▶ Stored records:
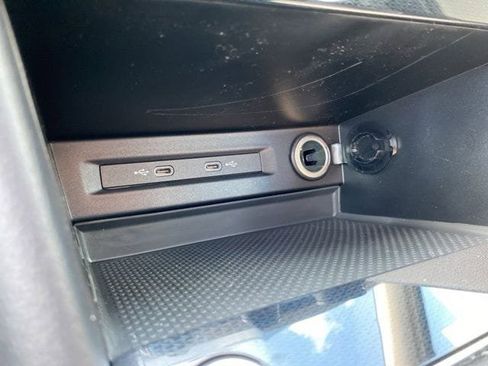 New 2025 Volkswagen Taos S image 36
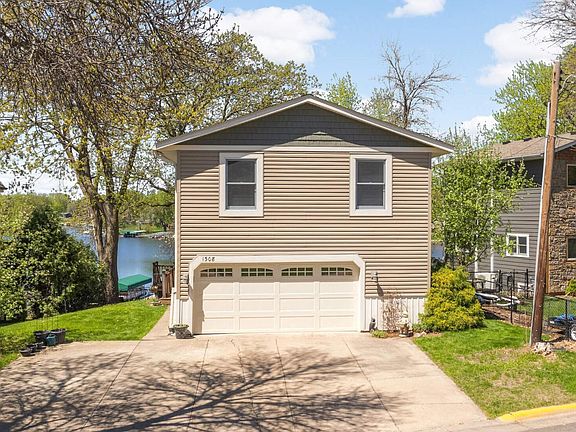 2nd image of 1308 Bay Dr SE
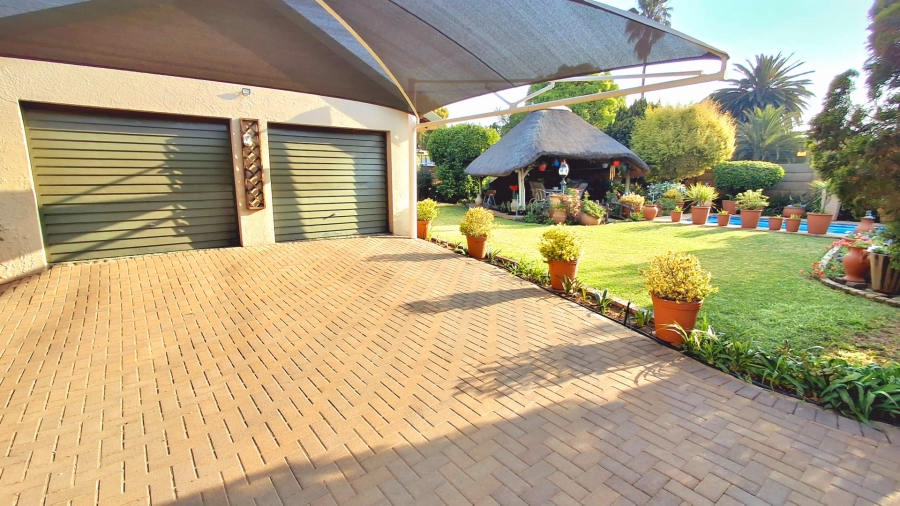 3 Bedroom Property for Sale in Vaalpark Free State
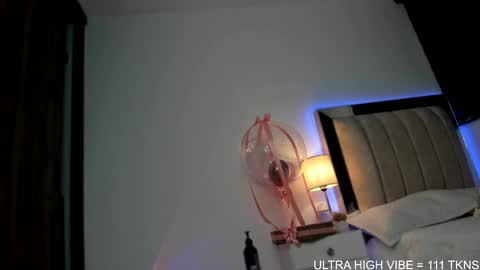 Snapshot of daniela_henaoo chatting on October 20, 11:16 pm independent model online show from October 20, 11:16 pm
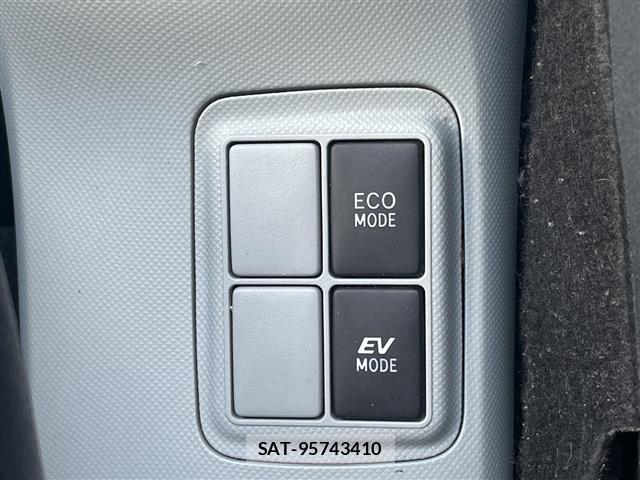 Toyota AQUA 2013 8705763-20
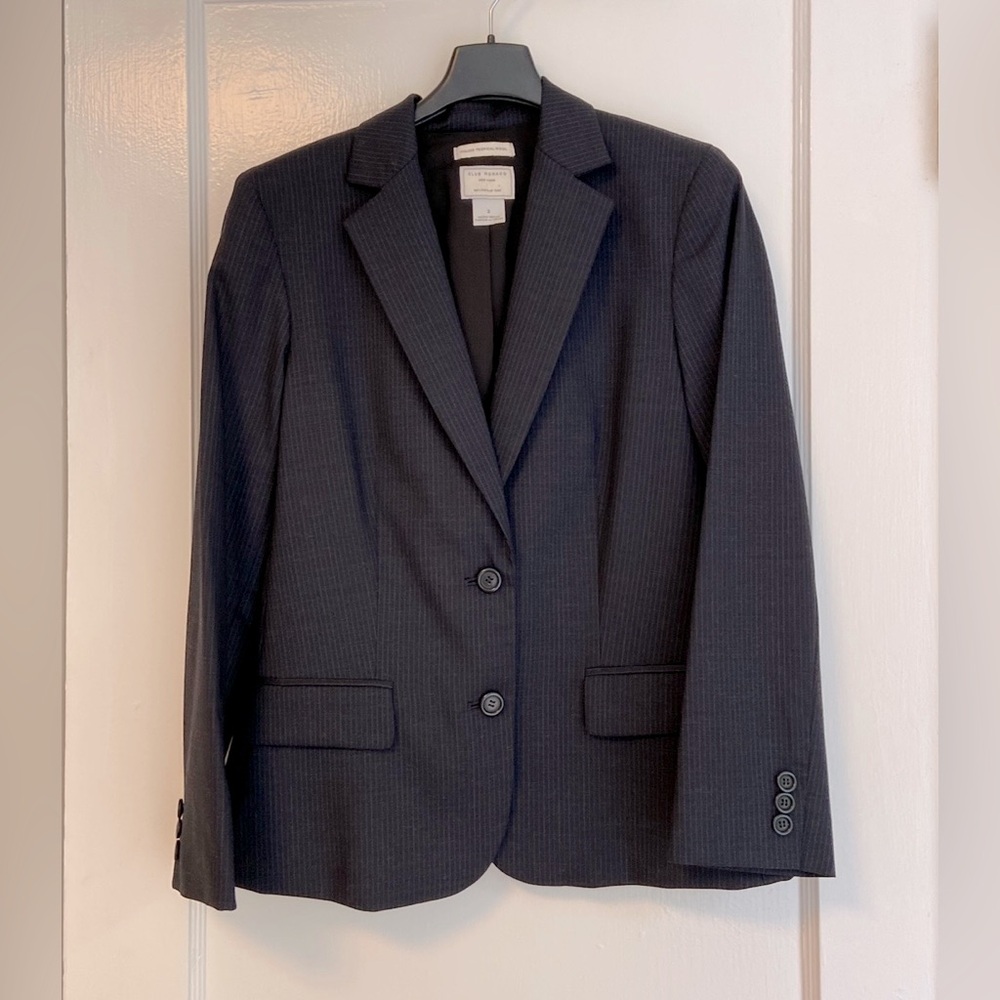 Club Monaco Manhattan Tex Blazer - Navy Pinstripe - Size 2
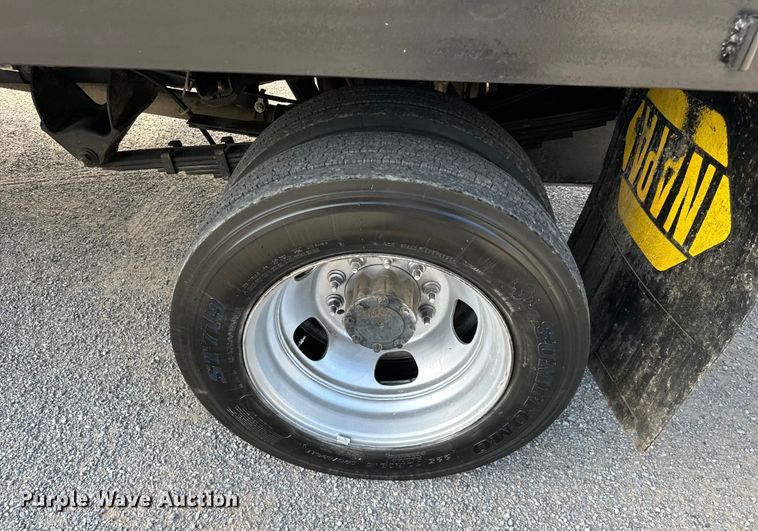 image for item IE9035 2018 Dodge Ram 4500 flatbed truck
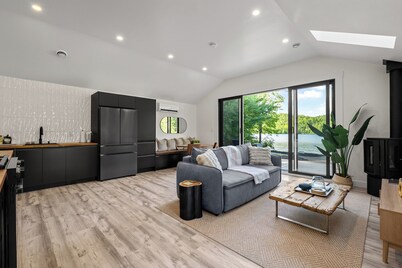 Nalu Retreat Lakeside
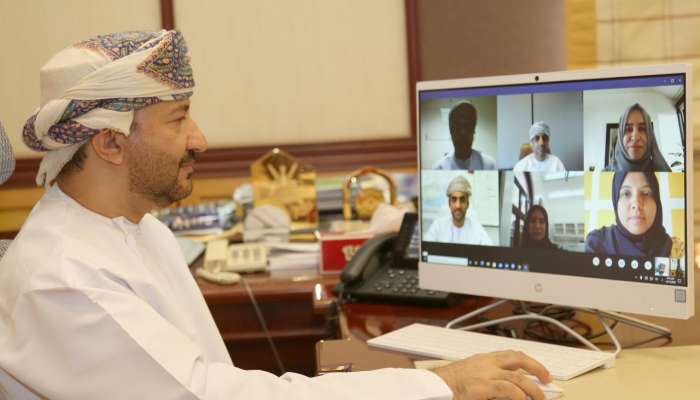 Steering panel takes stock of on strategic research on harmful marine algae in Oman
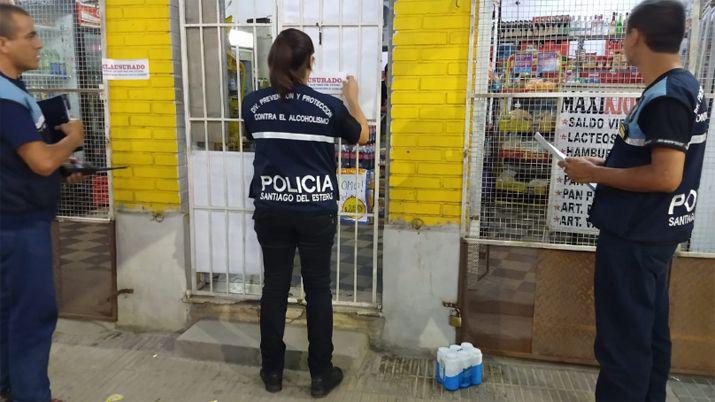 Clausuran kioscos por vender alcohol fuera de hora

▶ REQUIRED WORK:
Would you provide an exact, picture-free copy of the data above?

▶ RESPONSE FOR THIS EXERCISE:
 New 2025 Volkswagen Taos S image 36
 2nd image of 1308 Bay Dr SE
 3 Bedroom Property for Sale in Vaalpark Free State
 Snapshot of daniela_henaoo chatting on October 20, 11:16 pm independent model online show from October 20, 11:16 pm
 Toyota AQUA 2013 8705763-20
 Club Monaco Manhattan Tex Blazer - Navy Pinstripe - Size 2
 image for item IE9035 2018 Dodge Ram 4500 flatbed truck
 Nalu Retreat Lakeside
 Steering panel takes stock of on strategic research on harmful marine algae in Oman
 Clausuran kioscos por vender alcohol fuera de hora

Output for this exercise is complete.